» **REQUIRED ACTION**
Output, exactly as written, the lines below from the one that has "王勃华：稳预期、拓场景——双引擎支撑光伏行业后续发展20250725" through the one that has "Przedłużacz HDMI PWAY"; nothing else, and no pictures.

» **SUPPLIED MATERIAL**
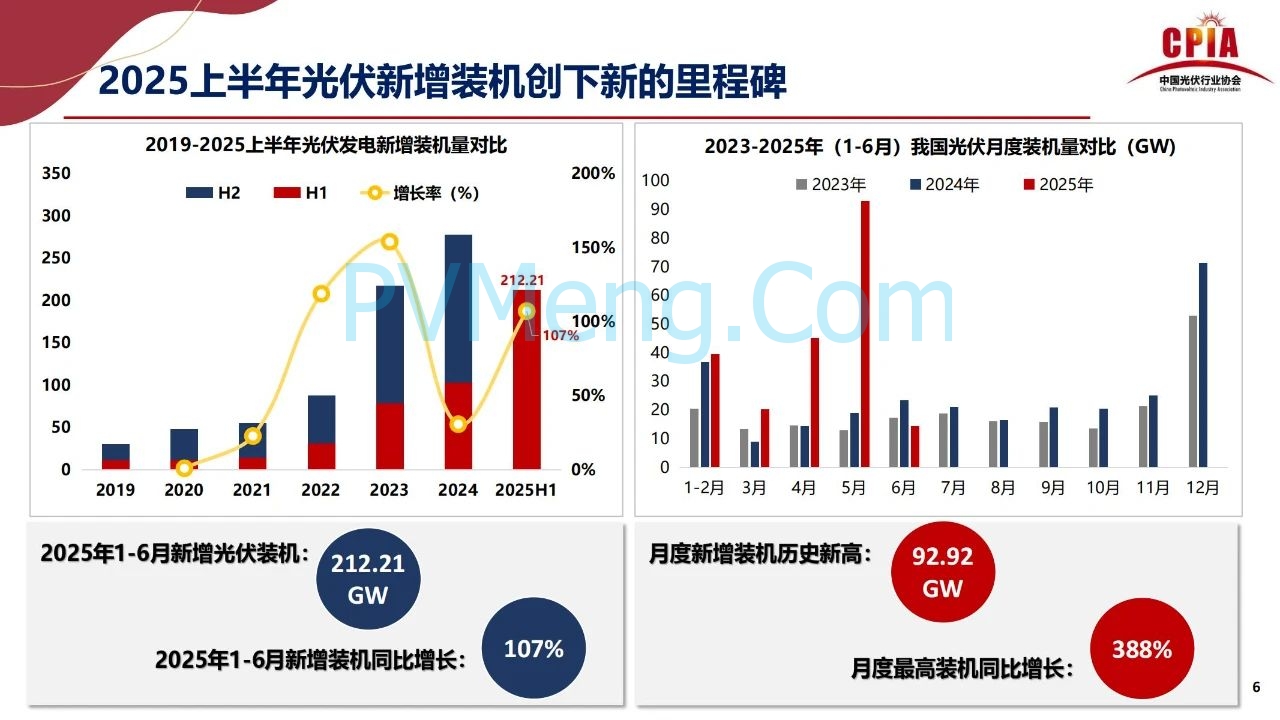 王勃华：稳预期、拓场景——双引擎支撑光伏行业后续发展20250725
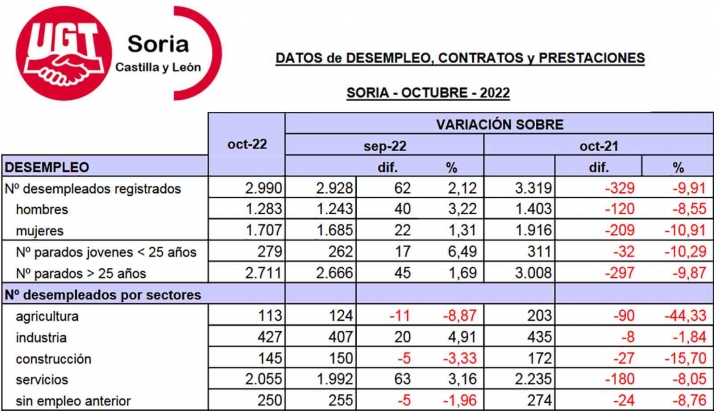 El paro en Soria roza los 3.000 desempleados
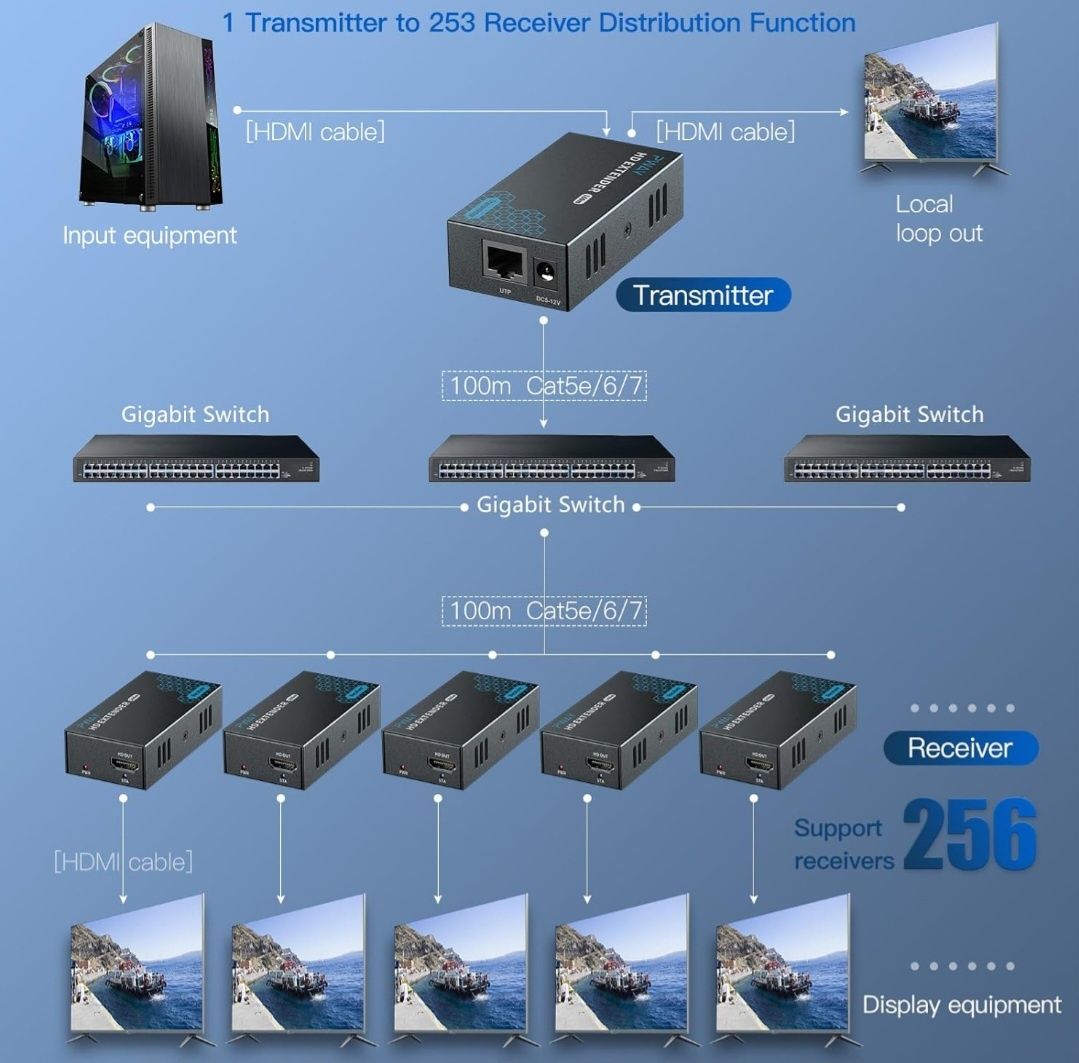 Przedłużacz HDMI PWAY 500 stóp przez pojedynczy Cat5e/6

==

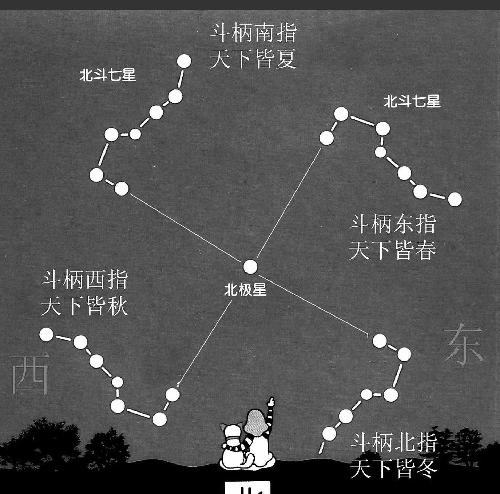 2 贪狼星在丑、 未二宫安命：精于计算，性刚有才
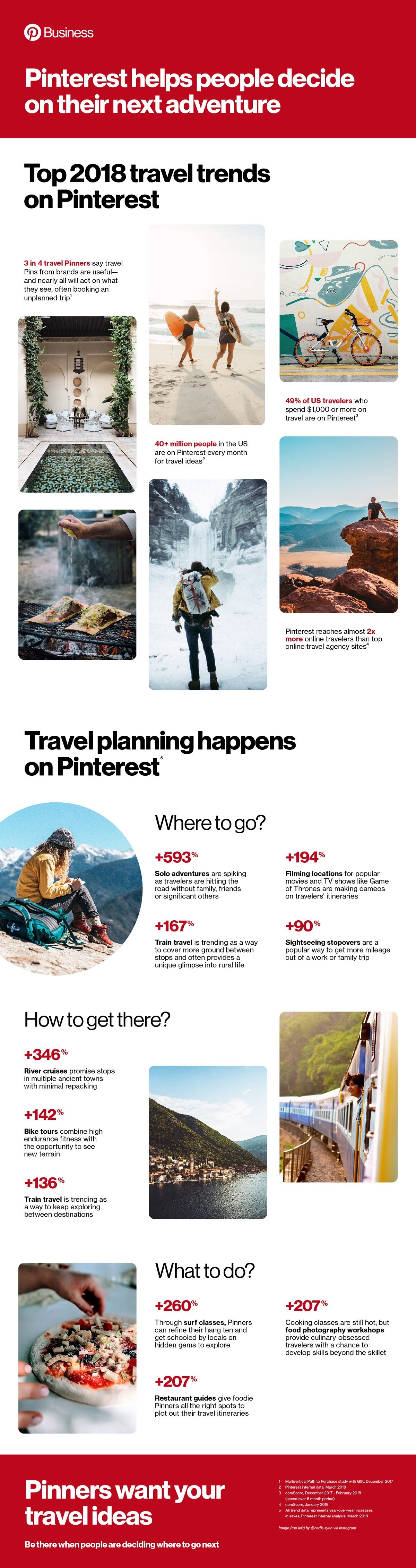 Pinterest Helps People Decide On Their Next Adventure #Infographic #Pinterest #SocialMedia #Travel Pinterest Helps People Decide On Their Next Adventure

» **WRITTEN ANSWER**
 王勃华：稳预期、拓场景——双引擎支撑光伏行业后续发展20250725
 El paro en Soria roza los 3.000 desempleados
 Przedłużacz HDMI PWAY 500 stóp przez pojedynczy Cat5e/6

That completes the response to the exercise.